A boa notícia é que, mesmo que Marcos Mion assuma um programa já pronto, essa sua marca está lá, sempre presente. No início do programa, já vemos o chroma-key mal feito em que Mion, conversando com sua produção, está na comentando vídeos antigos (e com a vantagem é que ele agora tem todo o histórico da Globo para tirar sarro). O recurso foi inventado por Mion ainda no Piores clipes do mundo, programa que ele apresentou na MTV e que rendeu frutos para seus programas na Record e, agora, na Globo. Ao invés do cavalo Pé de Pano, ele agora usa um novo brinquedo, com a bolinha platinada da emissora em versão de pelúcia.
Mas, como dissemos, é o Caldeirão. E a parte interessante aqui é que Marcos Mion conseguiu executar dois quadros – o “Tem ou não tem” e um quadro de competição musical, que parece uma mistura do “Ding Dong”, do Domingão do Faustão, e dos quadros do Qual é a música?, do SBT – com a sua marca. O “Tem ou não tem” (uma competição bem simples entre famílias, adaptação do americano Family Feud) foi repaginado. Ao invés das famílias de Huck, com suas histórias de sofrimento e superação, Mion recebeu duas estrelas opostas: a atriz Juliana Paes (que ganhou repercussão nos últimos meses por conta do vídeo que justificava sua falta de posicionamento político e que viralizou a expressão “delírios comunistas”) e o comediante Paulo Vieira (cuja boa parte da carreira se baseia justamente em compartilhar a realidade dos mais pobres).
Trocou-se, portanto, o assistencialismo pelo humor e a leveza que Marcos Mion costuma trazer em seus programas – o que não significa, é claro, que a emoção não aflore eventualmente, mas de forma espontânea, não calculada. As interações com Paulo Vieira, aliás, foram um deleite à parte. Paulo trouxe ao palco um presente de boas-vindas para Mion: uma caixa cheia de amuletos contra mau-olhado, já que, agora, o apresentador é global. Marca-se, assim, que ambos estão do mesmo lado: dois sujeitos que tinham tudo para não estar ali, mas estão, e isso representa muita coisa.

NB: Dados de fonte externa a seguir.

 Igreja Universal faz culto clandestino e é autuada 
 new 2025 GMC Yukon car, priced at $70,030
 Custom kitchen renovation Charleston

A má notícia, me parece, tem a ver com a própria estrutura do programa. Atrações como Caldeirão, Domingão, Programa da Eliana, ainda mantêm um ritmo lento, típico da TV tida como “tradicional”, mas que parece hoje algo datada. Em duas horas de Caldeirão, Mion apresentou apenas dois quadros, entre interações, piadas, quadros musicais que se repetiam (cada artista cantava duas músicas). Essa velocidade arrastada parece inadequada a um programa que, pela escolha do apresentador, quer dialogar com um público jovem, acostumado a dancinhas de 30 segundos em plataformas como Tik Tok.
Mas, apesar disso, a chegada leve de Marcos Mion é um sopro em dias difíceis – seja pelas notícias pesadas, seja pelos problemas no campo do entretenimento. O primeiro Caldeirão, aliás, se encerrou com as brincadeiras de Mion com o chroma-key. Uma delas, aliás, me chamou a atenção: quando o apresentador pede à produção uma capinha de celular com a foto de Ana Maria Braga, que é prontamente entregue a ele.

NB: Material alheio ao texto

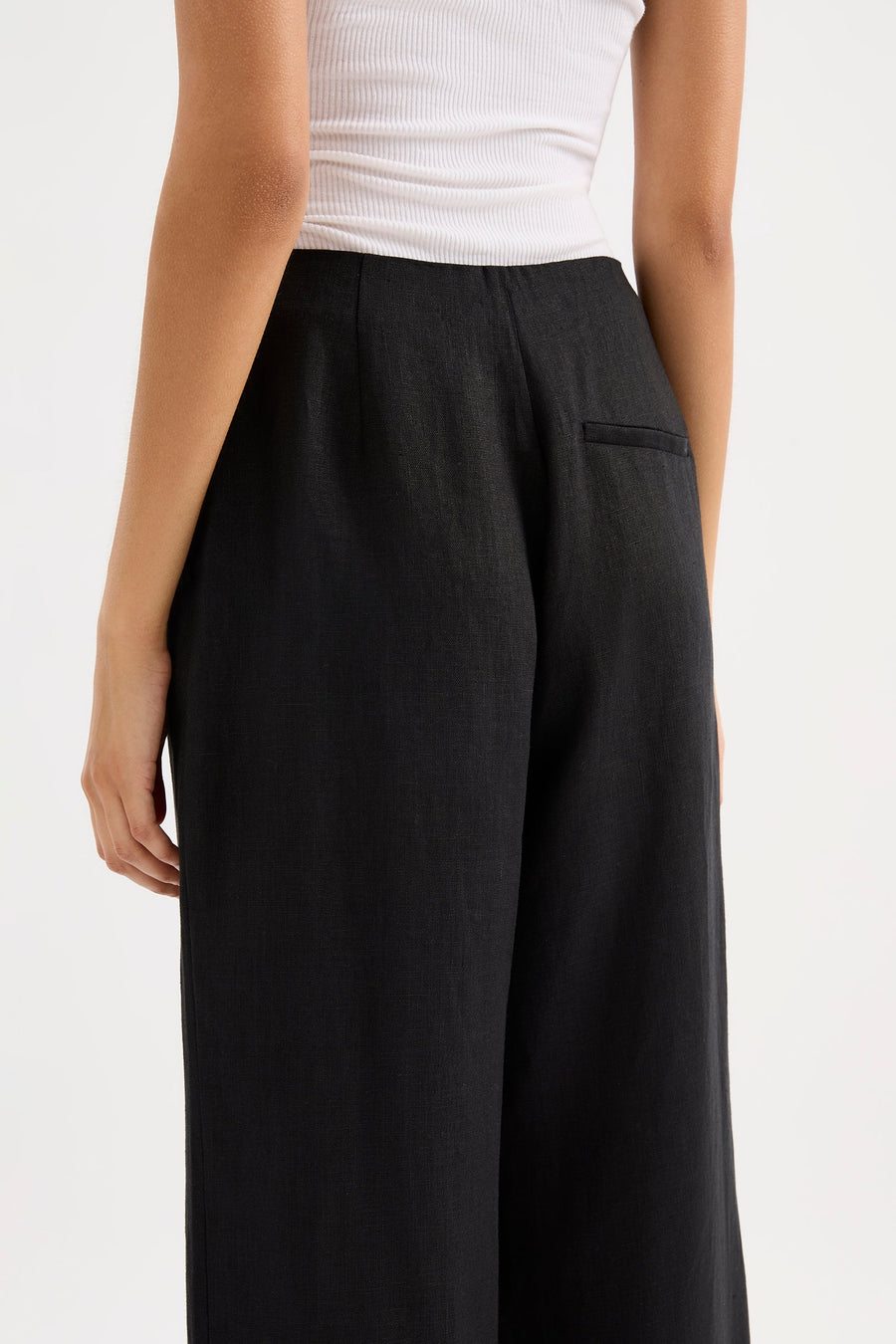 Marli Linen Pant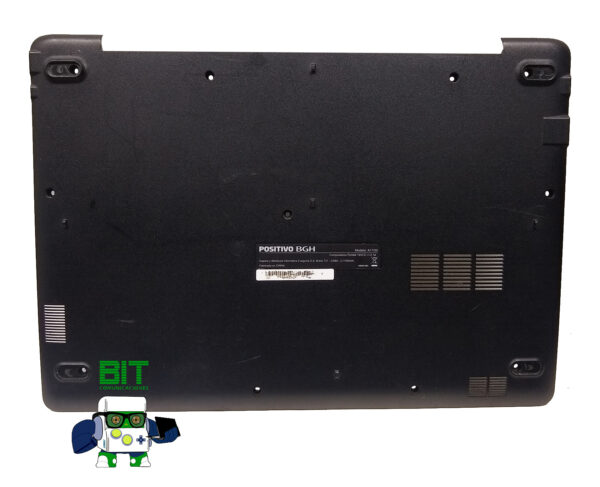 Carcasa Base Notebook Bgh A1100i A1300i - Image 2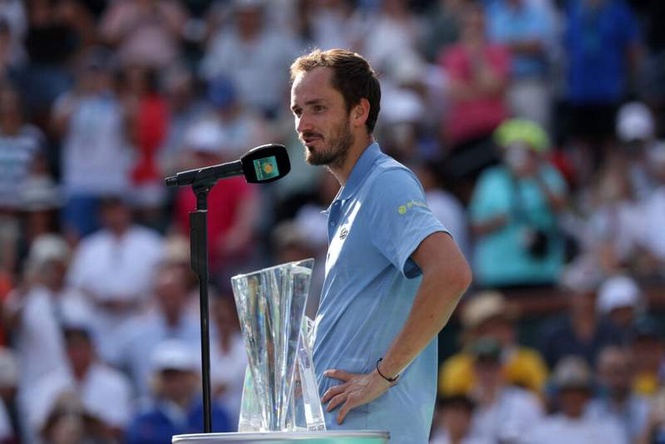Image from: Daniil Medvedev explains why Alcaraz and Sinner dominate ATP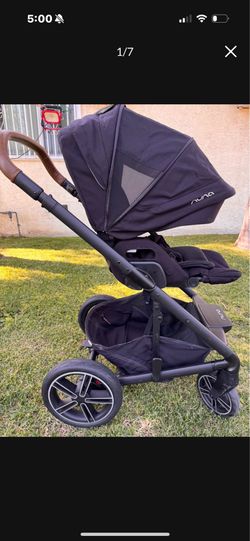 Nina mixx stroller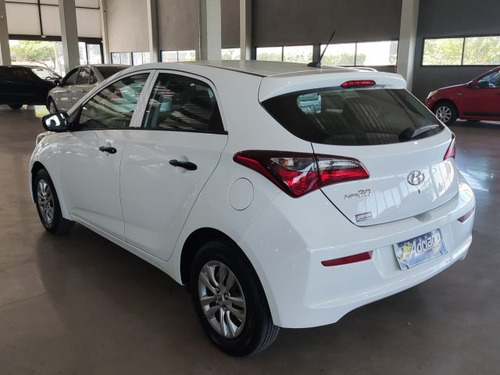 Hyundai HB20 HB20 1.0 UNIQUE 12V FLEX 4P MANUAL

A capinha, cuja imagem reproduzimos aqui, é puro suco de Marcos Mion: tosca, (mal) recortada à mão, num improviso muito mais típico da MTV que da Globo – e, por isso, próxima a cada um de nós. Que tenhamos muito mais dessa simplicidade na carreira que Mion começa a construir na emissora.
O Domingão do Luciano Huck
Já no domingo, o “dono” do Caldeirão do Huck, Luciano Huck, finalmente estreou no Domingão do Faustão, agora só chamado de Domingão. O que se viu, nesse primeiro episódio, foi o mesmo que já víamos no sábado: um apresentador refinado, os mesmos quadros (“Quem quer ser um milionário” foi exibido) e o mesmo tom de propaganda eleitoral que Huck já mantinha nos últimos anos.
O único quadro original do Domingão, o divertidíssimo “Show dos Famosos“, teve tom meio protocolar e desanimado (Huck, por exemplo, diferente do que fazia Faustão, anunciava quais artistas estavam personificando quem, estragando parte da graça da atração). O tom de superprodução foi totalmente oposto ao improviso alegre de Marcos Mion. Até Luciano Huck merecia mais que isso.